Передреев весь задрожал и вдруг принялся жалобно причитать:
— Ой, да что же это такое делается-то, а? Да как же так? За что? Ой, да не могу я, не могу. Ну почему я? С чем же я останусь тогда, а? Ну, пожалуйста, не надо...
— С чем хотел, с тем и останешься — с миром, — с отвращением сказала Война.
— Да в гробу я такой мир видел! — взвизгнул Передреев. — Не нужен он мне!
И тут настала тишина. И послышалось вдруг Передрееву, что кто-то в окно кухни стучится, будто птица какая бьется. И все тише так, тише, пока не затихло совсем.

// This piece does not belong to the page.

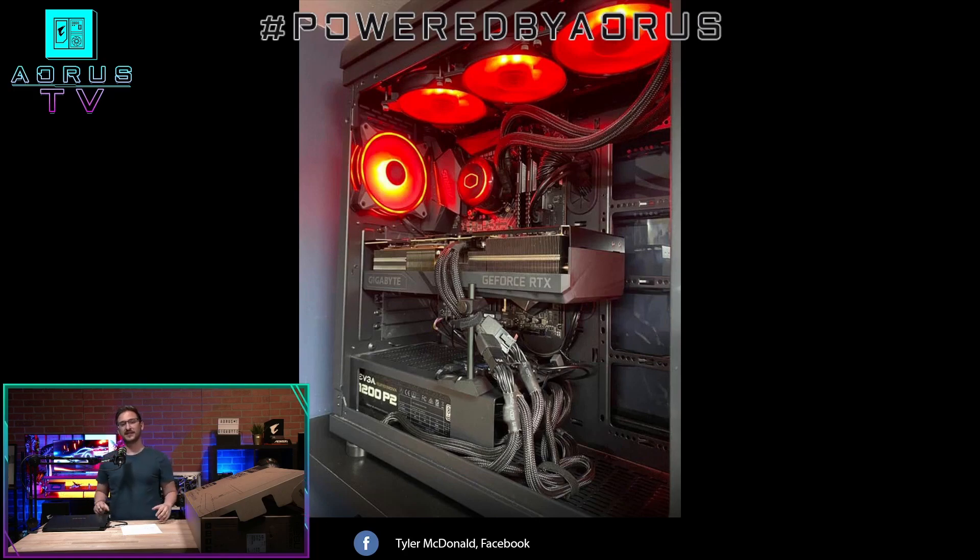Powered by Oris — if you guys didn't know — is a little segment we have on the show where we showcase your builds, our community's builds. You can go to our community platforms, either Facebook or Discord, and you can showcase your own builds, and we'll show them here on the stream.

— Это твое последнее слово? — сурово спросила Война.
— Д-да... — неуверенно ответил Передреев, уже практически ничего не соображая.
— Хорошо, — кивнула Война. — Ты сказал.
Она поправила противогаз, перехватила штык поудобнее и пропала. А Передреев долго еще сидел в ванне, не в силах подняться и боясь расцепить сомкнутые на причинном месте руки.
Война тем временем уже победно шествовала по миру.